• **Try it**: Set down each record exactly. Omit the pictures.

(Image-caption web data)
******************************
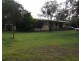 42 Vaughan Street, Aldershot QLD 4650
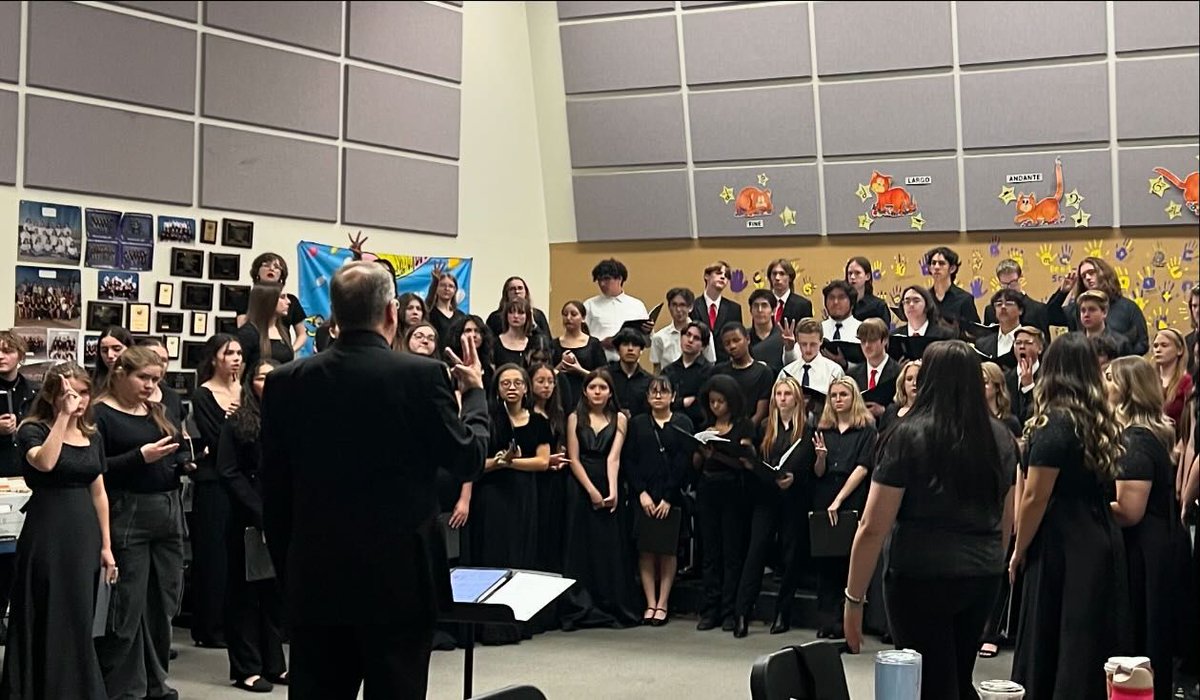 Peoria Arts Ed tweet media
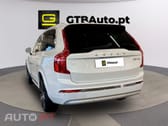 Volvo XC90 T8 AWD I.V.A DEDUTÍVEL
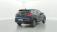 Renault Kadjar dCi 110 Energy eco² Intens 5p 2018 photo-06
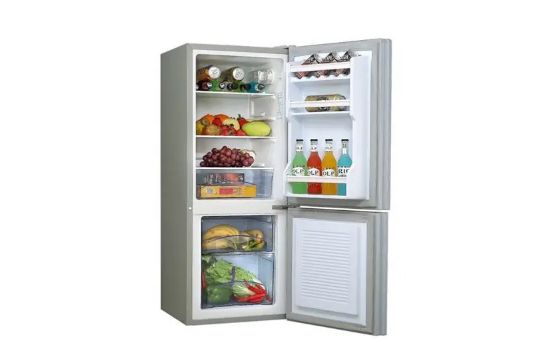 开水放冰箱多久可以凉(凉开水在冰箱可以放几天)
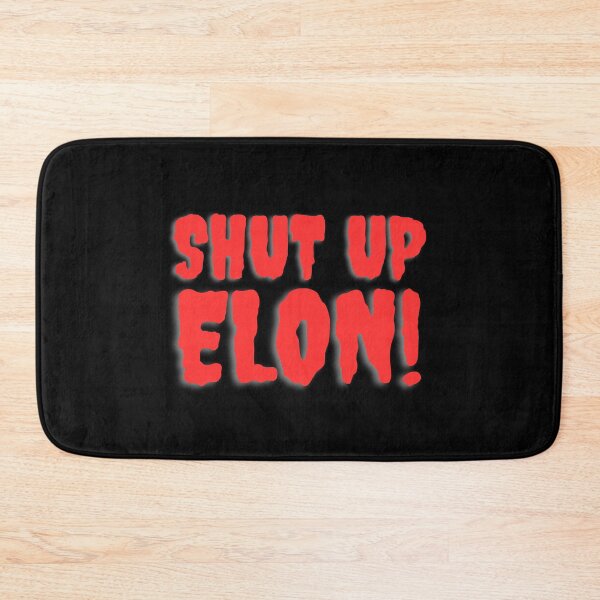 Item preview, Tesla bumper designed and sold by Beyond The Veil.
******************************
• **Expected output**:
 42 Vaughan Street, Aldershot QLD 4650
 Peoria Arts Ed tweet media
 Volvo XC90 T8 AWD I.V.A DEDUTÍVEL
 Renault Kadjar dCi 110 Energy eco² Intens 5p 2018 photo-06
 开水放冰箱多久可以凉(凉开水在冰箱可以放几天)
 Item preview, Tesla bumper designed and sold by Beyond The Veil.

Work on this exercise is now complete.